There are 700,000 Indian state (paramilitary, military) forces in Kashmir, including at least one third of the Indian Army, the 4th largest army in the world. The armed forces use military tactics far beyond those permitted by AFSPA, military and surveillance weaponry (including for instance unmanned aerial vehicles, or drones), military command and control structures, and military vocabulary (‘command area’, ’kills’, ‘sanitisation’ and ‘neutralisation operations,’ ‘actionable intelligence’ operational names etc.). It also deploys the martial law framework (and not just special laws, such as AFSPA) to escape prosecution of crimes, committed during the course of military service against civilians.

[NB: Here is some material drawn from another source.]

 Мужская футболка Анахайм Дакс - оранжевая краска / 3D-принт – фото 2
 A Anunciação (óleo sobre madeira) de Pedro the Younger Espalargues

In the Supreme Court case of Lakhwinder Singh, the Border Security Forces (BSF) argued that personnel governed by the Border Security Forces Act, (analogous to the Army Act), are, vide government notification, always on ‘active service’ in Jammu and Kashmir. And further, following from this, the requirement of a trial by a civilian court of homicide and rape enshrined in their governing statute does not apply. Active service, according to the BSF Act, means the time during which a BSF personnel-

“(a) is attached to, or forms part of, a force which is engaged in operations against an enemy, or

(b) is engaged in military operations in, or is on the line of march to, a country or place wholly or partly occupied by an enemy, or

(c) is attached to or forms part of a force which is in military occupation of a foreign country” [emphasis added]

The Supreme Court of India upheld the validity of the notification, and held that the off-duty BSF personnel returning from a medical check up, accused of murdering Zahid Farooq, a 16 year old Srinagar boy, could not be tried in an ordinary court of law, as they were always in ‘active service’ in Jammu and Kashmir. The court did not specify which of three legislatively specified categories of military operations Kashmir fell into in its opinion.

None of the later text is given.